DATA FOR THIS EXERCISE

☆ ☆ ☆ ☆

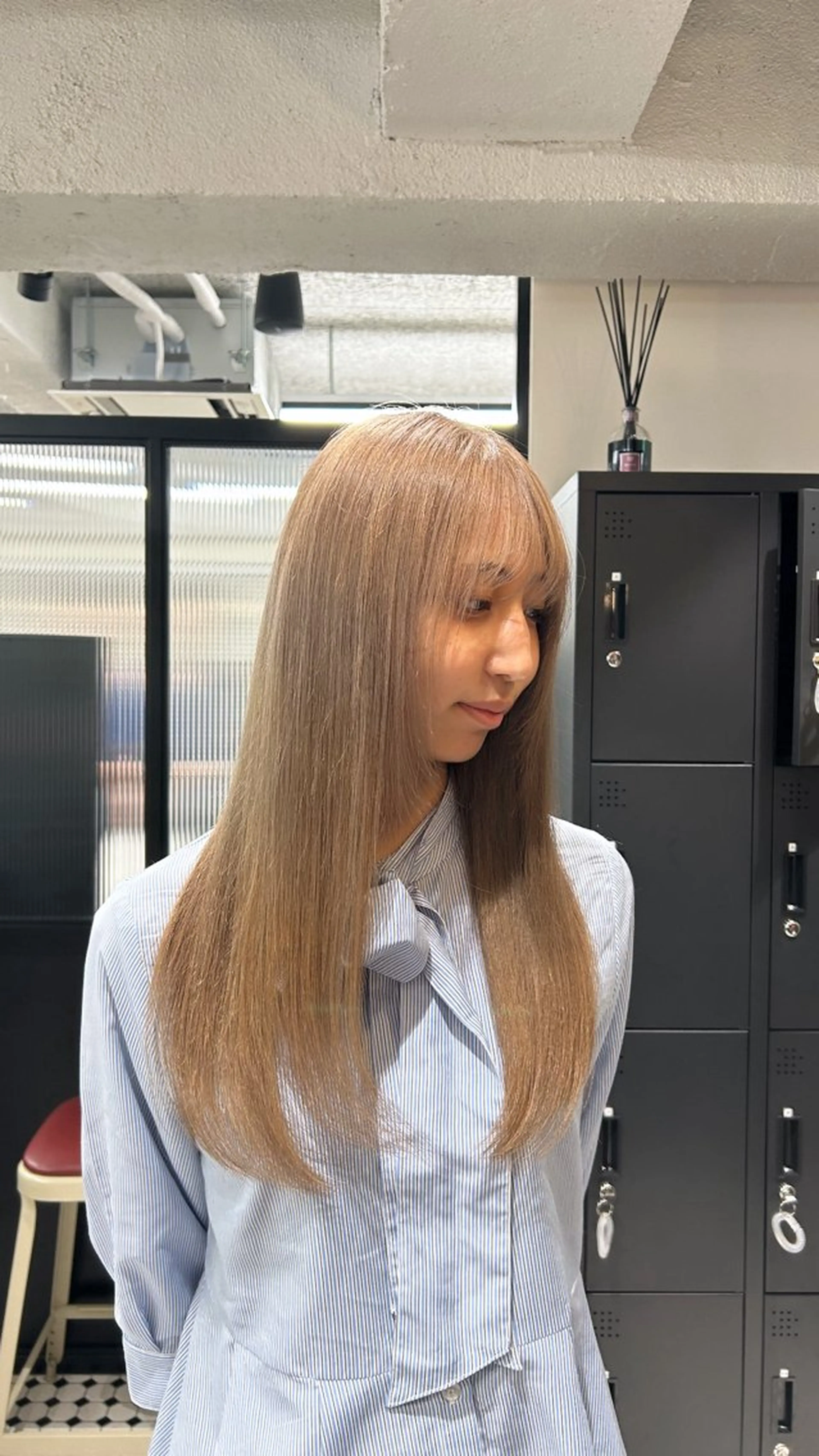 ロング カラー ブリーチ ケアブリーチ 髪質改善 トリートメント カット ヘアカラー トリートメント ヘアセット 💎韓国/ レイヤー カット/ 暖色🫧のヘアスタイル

☆ ☆ ☆ ☆

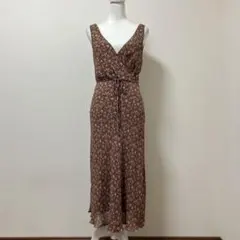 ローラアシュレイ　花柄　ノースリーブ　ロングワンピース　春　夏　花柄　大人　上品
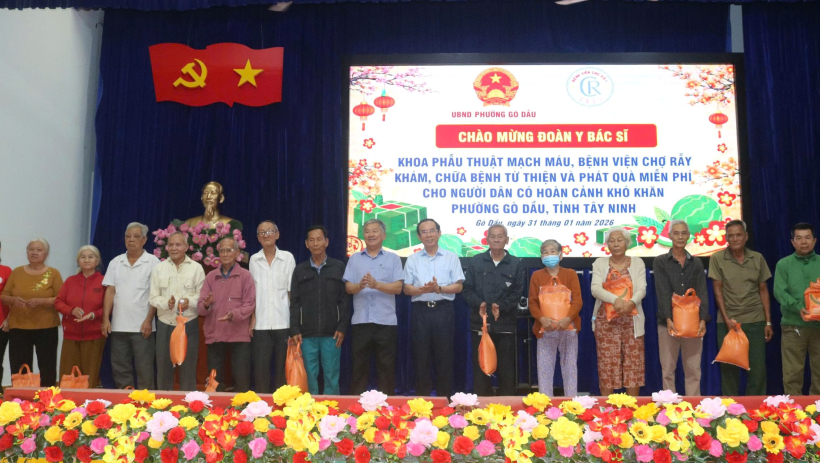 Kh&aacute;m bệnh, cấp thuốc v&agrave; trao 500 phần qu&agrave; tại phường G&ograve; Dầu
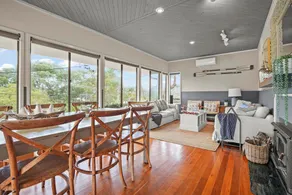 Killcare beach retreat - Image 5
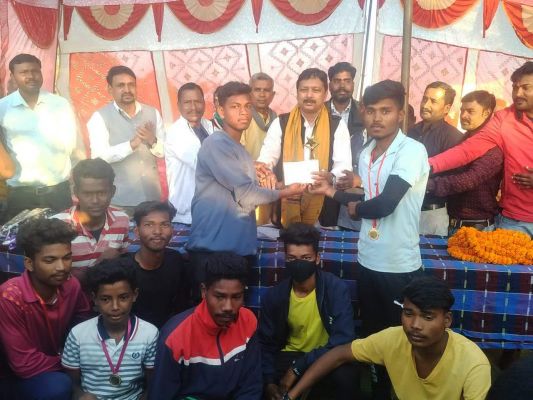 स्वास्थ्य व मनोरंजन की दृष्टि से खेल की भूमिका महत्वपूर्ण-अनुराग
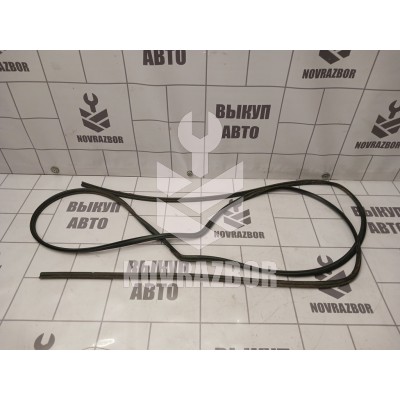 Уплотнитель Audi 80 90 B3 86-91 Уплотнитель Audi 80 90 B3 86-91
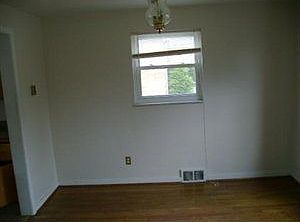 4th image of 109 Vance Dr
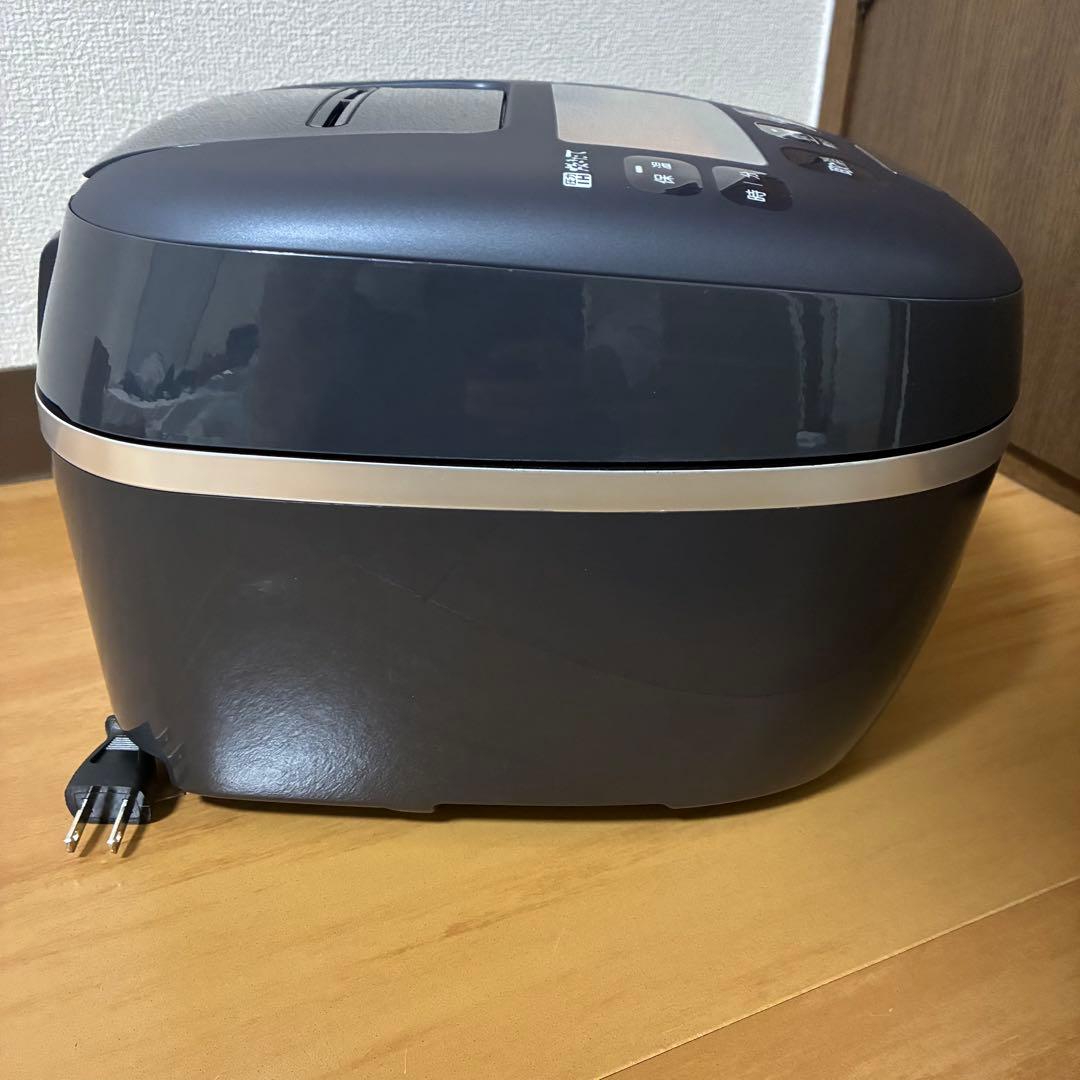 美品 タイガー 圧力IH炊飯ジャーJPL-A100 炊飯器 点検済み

☆ ☆ ☆ ☆

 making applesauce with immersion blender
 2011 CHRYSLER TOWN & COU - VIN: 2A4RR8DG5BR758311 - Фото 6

☆ ☆ ☆ ☆

YOUR INSTRUCTIONS
From the records above, return exactly the lines running from the one that contains "ローラアシュレイ　花柄　ノー" down to the one that contains "美品 タイガー 圧力IH炊飯ジャーJPL-A100 炊飯器 点検済み", both included, without any pictures.

WRITTEN SOLUTION
 ローラアシュレイ　花柄　ノースリーブ　ロングワンピース　春　夏　花柄　大人　上品
 Kh&aacute;m bệnh, cấp thuốc v&agrave; trao 500 phần qu&agrave; tại phường G&ograve; Dầu
 Killcare beach retreat - Image 5
 स्वास्थ्य व मनोरंजन की दृष्टि से खेल की भूमिका महत्वपूर्ण-अनुराग
 Уплотнитель Audi 80 90 B3 86-91 Уплотнитель Audi 80 90 B3 86-91
 4th image of 109 Vance Dr
 美品 タイガー 圧力IH炊飯ジャーJPL-A100 炊飯器 点検済み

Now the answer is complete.